On 08/11/2015 11:56 AM, jsa...@nvidia.com wrote:
> I'm studying the Django Project tutorial
> <https://docs.djangoproject.com/en/1.8/intro/tutorial01/> using Python
> 2.7 (because that's my department's current standard) and Django 1.8.2
> (because that's the current stable version).
>
> The tutorial says, "If you are still using Python 2.7, you will need to
> adjust the code samples slightly, as described in comments." What
> comments does it mean?

Python code comments, in the code samples that need adjusting. The first
example I see is in the `polls/models.py` code sample in this section:
https://docs.djangoproject.com/en/1.8/intro/tutorial01/#playing-with-the-api

See the "__unicode__ on Python 2" comments?

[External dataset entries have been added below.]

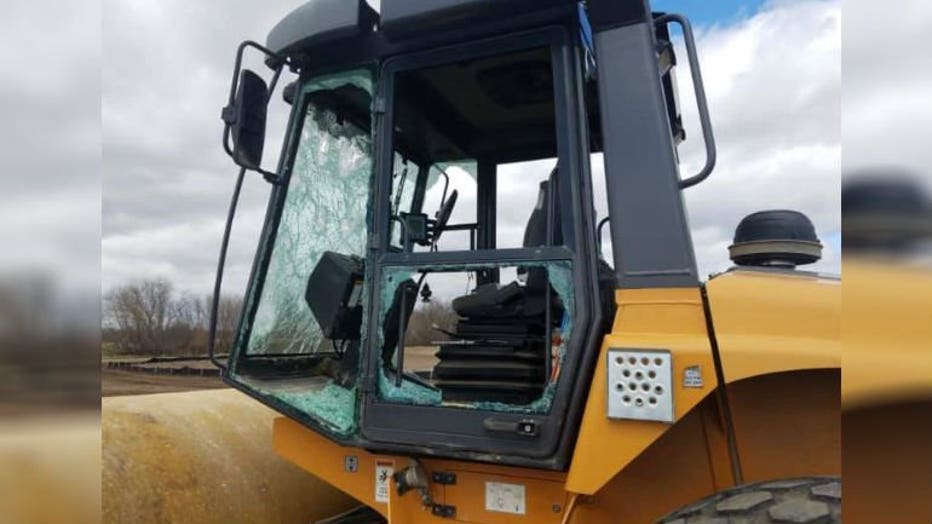 Construction equipment damaged in Town of Eagle, Waukesha County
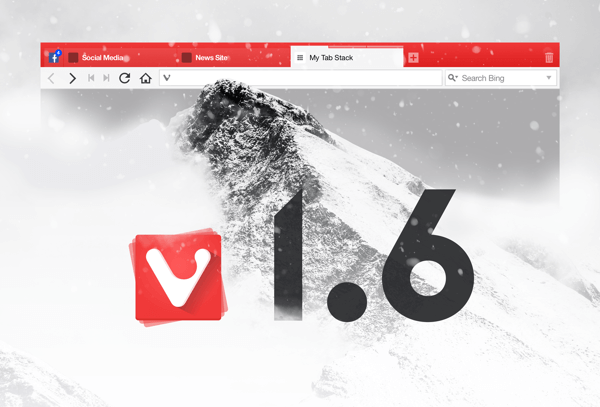 Details matter. The Vivaldi Browser 1.6 is ready banner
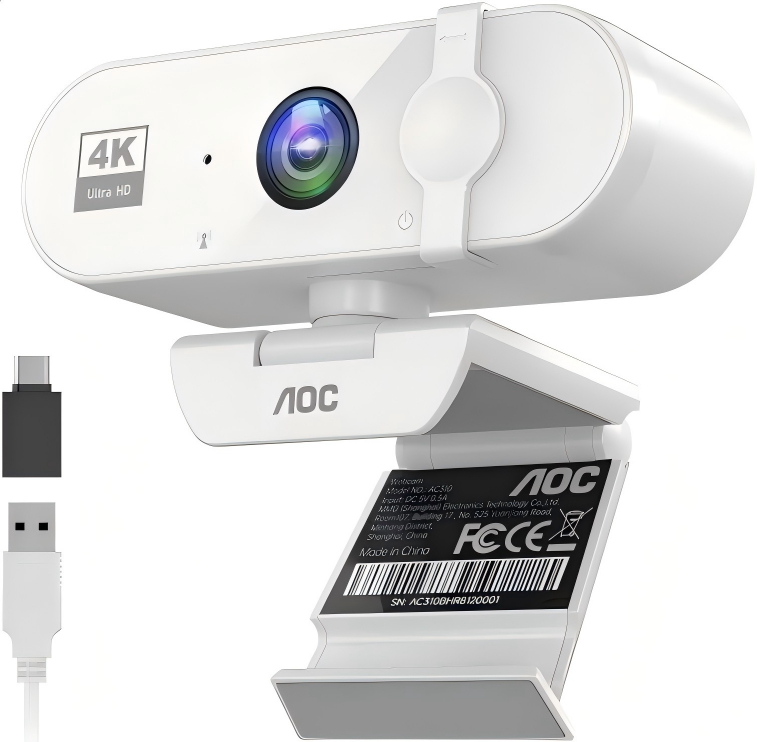 AOC Webカメラ ウェブカメラ 4K マイク付き 【 99°広角 USB即挿即用 】usbカメラ webcam プライバシーカバー ノイズキャンセル 自動光線補正 会議用webカメラ Streaming & Zoom 対応 パソコン カメラ Web camera ホワイト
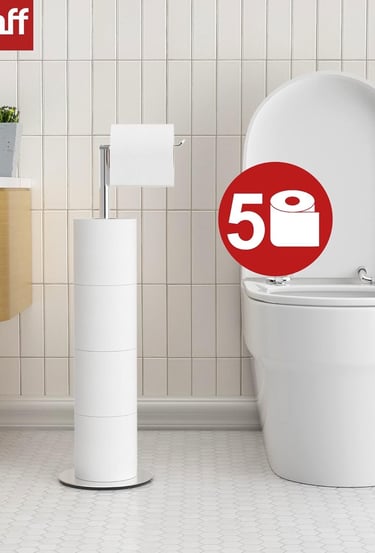 a toilet with a toilet paper roll holder and a toilet paper roll holder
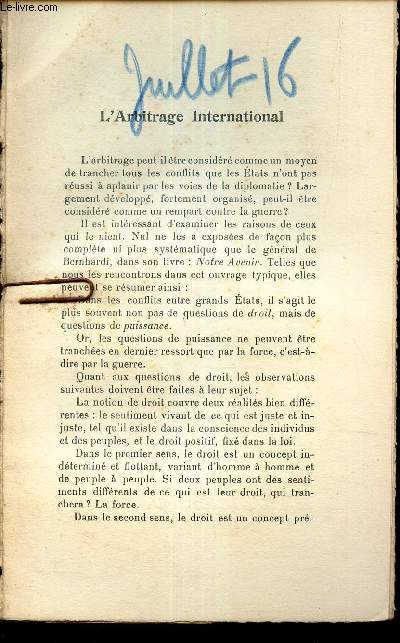 L'AVENIR - extrait de JUILLET 1916 / L'ARBITRAGE INTERNATIONAL.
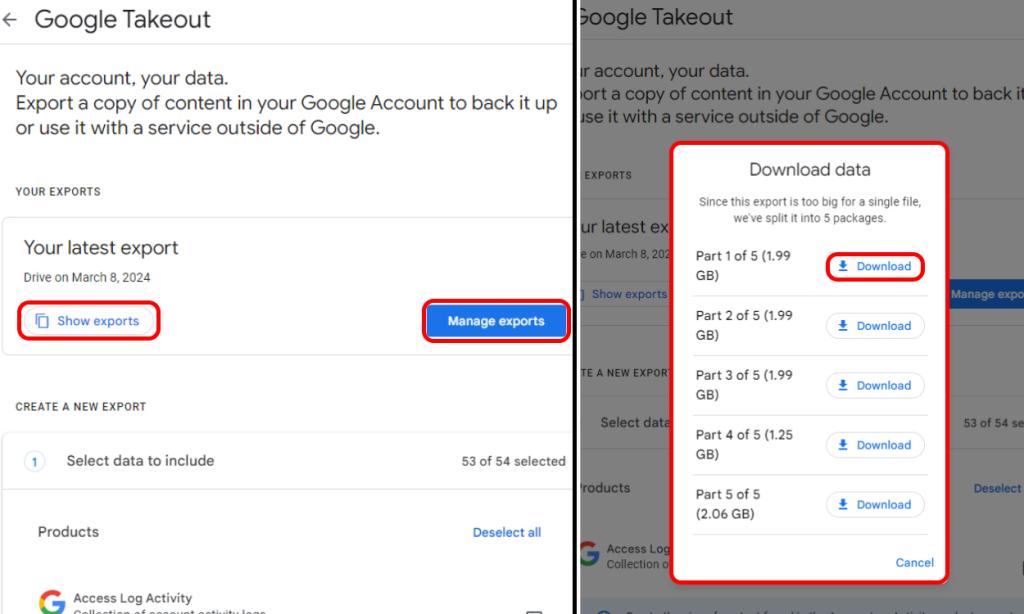 Nieuwste exports op Google Takeout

> The section "Playing with the API" instructs me to run the command:
>
> $ python manage.py shell
> or
>>>> import django
>>>> django.setup()
>
> Being a methodical sort, I tried both. The first works. The second gives
> me a bunch of errors, beginning with:
>
> Traceback (most recent call last):
> File "<stdin>", line 1, in <module>
> File "c:\Python27\lib\site-packages\django\__init__.py", line 17, in setup
> configure_logging(settings.LOGGING_CONFIG, settings.LOGGING)
>
> I think it's complaining about an incompatibility between Python 2.7 and
> Python 3.2.

Can't say without seeing more of the traceback. I doubt it though, since
this only executes code in Django itself, which is fully compatible with
both Python 2 and 3.

> I can evade the immediate problem by using "python manage.py shell"
> instead, but I expect further problems in short order, and I need to
> know how to fix them.
>
> So, where are these "comments" that tell me what to do? I don't see any
> in that part of the tutorial. I opened __init__.py, and there are no
> helpful comments there, either.

You don't need to adjust anything at all in Django itself to adapt to
Python 2; Django fully supports both 2 and 3. You just need to make sure
that the code you write yourself is Python 2 compatible. Where the
tutorial tells you to type some code in a file, it gives the Python 3
version, but has comments showing what needs to be adjusted for Python
2. There's nothing special you need to do until you get to those code
samples.

> I could figure this out myself, but I can't see debugging my way through
> the entire Django codebase. I'm being paid to write an application, not
> fix up Django.

You don't need to fix up Django.

> Either I'm missing the comments that the tutorial promised me, or it has
> left me in the lurch. Can someone explain, please?

Just continue with the tutorial, and read the code samples (including
comments) carefully, when you reach them.

Your issue when running `django.setup()` is probably entirely unrelated,
but in order to debug it we'd need to see the full traceback.